### What you are asked to do:
Nothing outside the range is to be copied. From the entries below, reproduce exactly the lines starting at the one with "Eef Kamerbeek opent" and ending at the one with "Cluster House for", without pictures.

Pictures with short captions
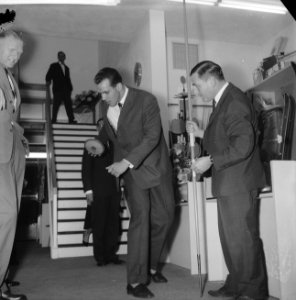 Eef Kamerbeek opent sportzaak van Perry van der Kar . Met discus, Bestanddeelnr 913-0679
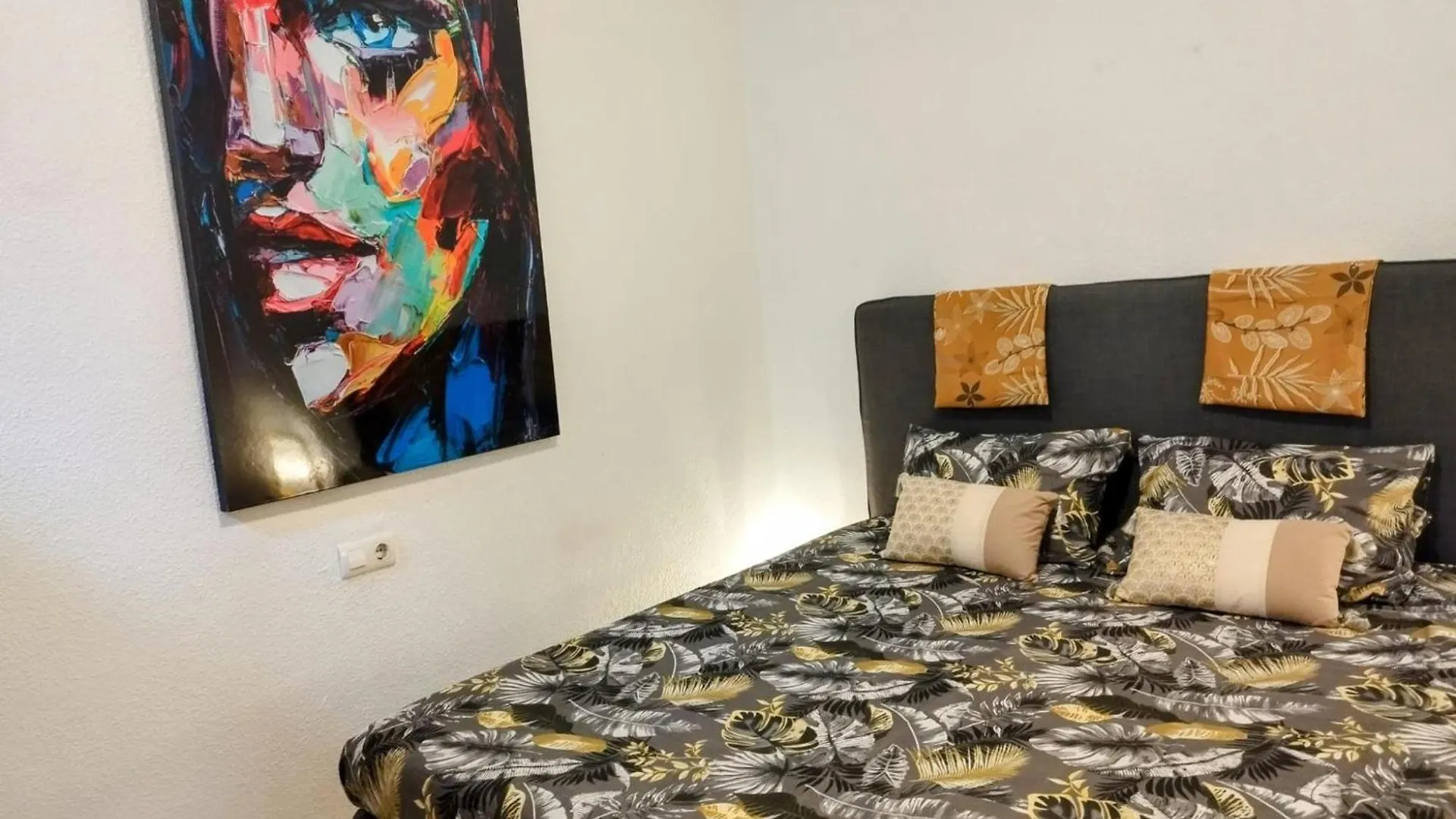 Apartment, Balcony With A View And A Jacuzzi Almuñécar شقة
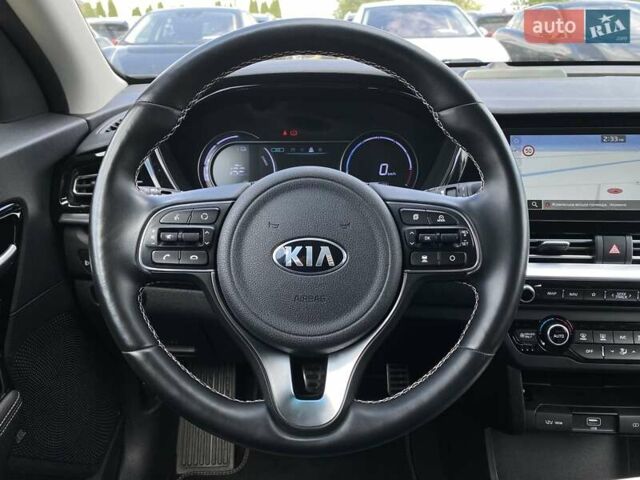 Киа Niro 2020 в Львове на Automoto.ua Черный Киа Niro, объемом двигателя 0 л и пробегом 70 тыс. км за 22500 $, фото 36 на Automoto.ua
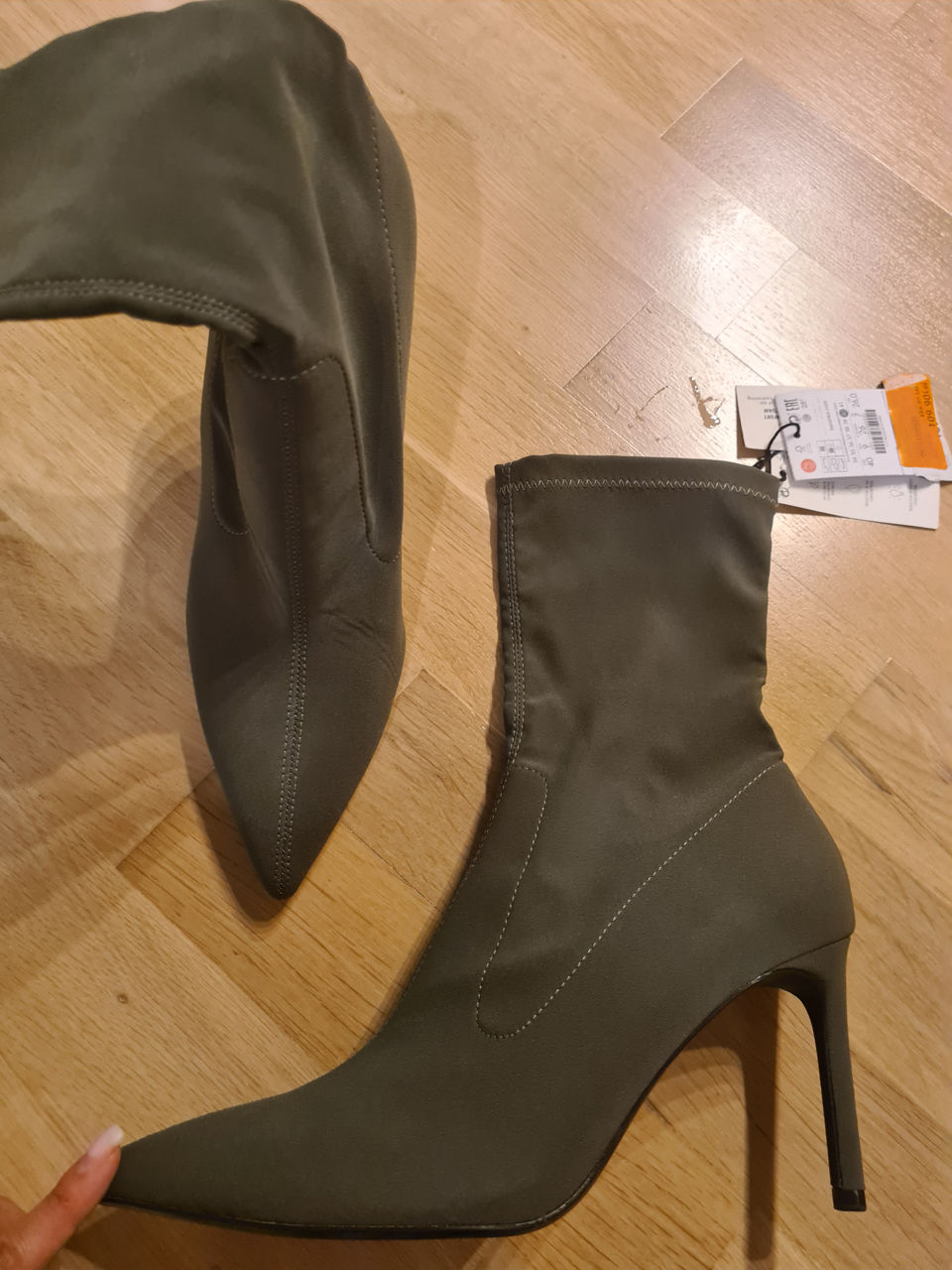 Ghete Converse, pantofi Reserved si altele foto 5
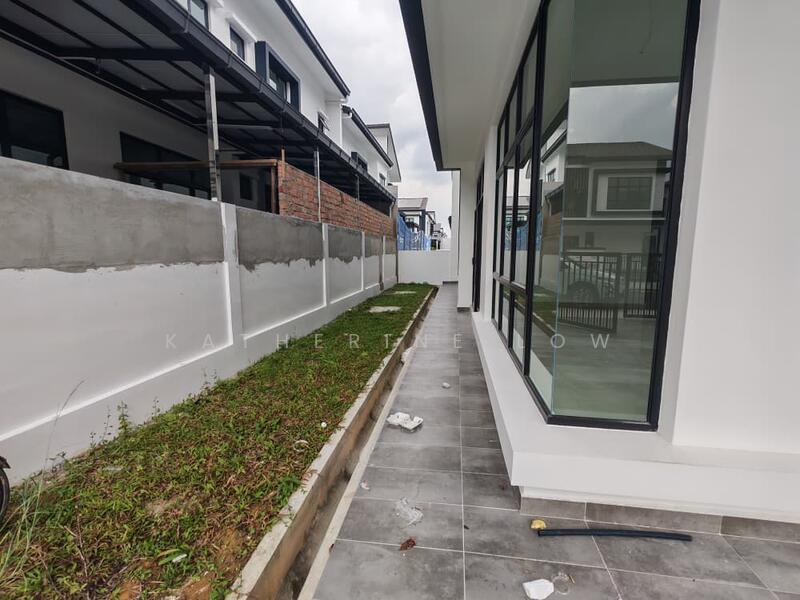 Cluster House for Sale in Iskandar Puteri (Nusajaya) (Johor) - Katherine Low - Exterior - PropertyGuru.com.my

* * *

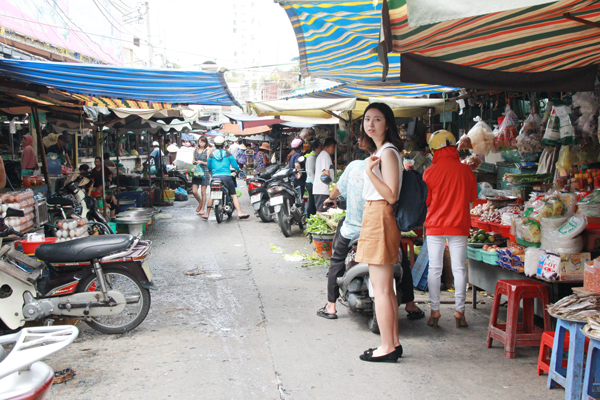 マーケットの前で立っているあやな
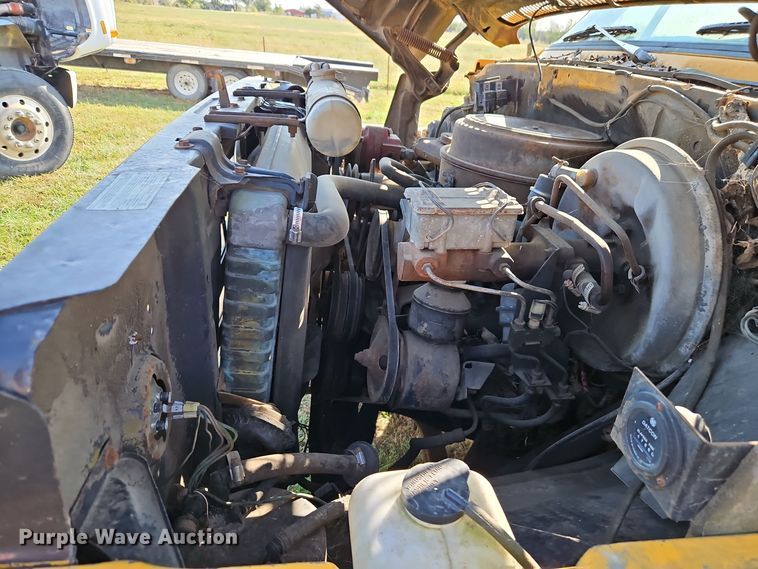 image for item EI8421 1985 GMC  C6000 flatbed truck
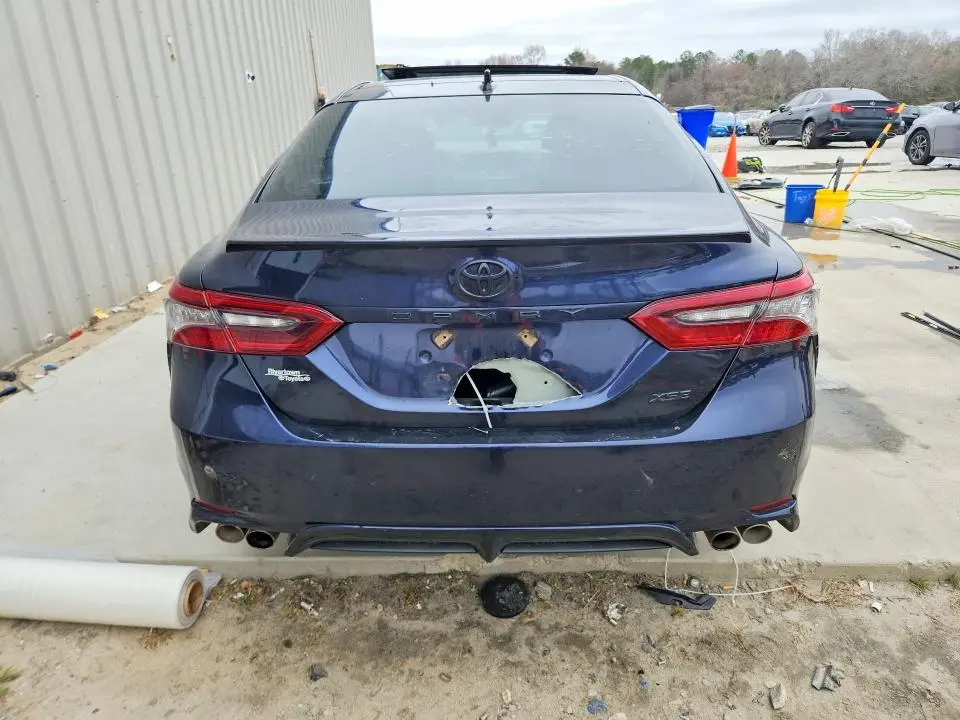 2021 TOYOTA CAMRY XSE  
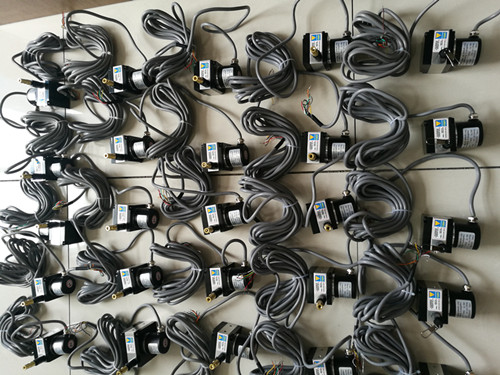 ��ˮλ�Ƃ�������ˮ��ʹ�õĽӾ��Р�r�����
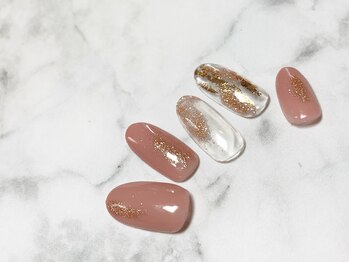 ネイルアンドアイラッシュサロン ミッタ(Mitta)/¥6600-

### Your solution:
 Eef Kamerbeek opent sportzaak van Perry van der Kar . Met discus, Bestanddeelnr 913-0679
 Apartment, Balcony With A View And A Jacuzzi Almuñécar شقة
 Киа Niro 2020 в Львове на Automoto.ua Черный Киа Niro, объемом двигателя 0 л и пробегом 70 тыс. км за 22500 $, фото 36 на Automoto.ua
 Ghete Converse, pantofi Reserved si altele foto 5
 Cluster House for Sale in Iskandar Puteri (Nusajaya) (Johor) - Katherine Low - Exterior - PropertyGuru.com.my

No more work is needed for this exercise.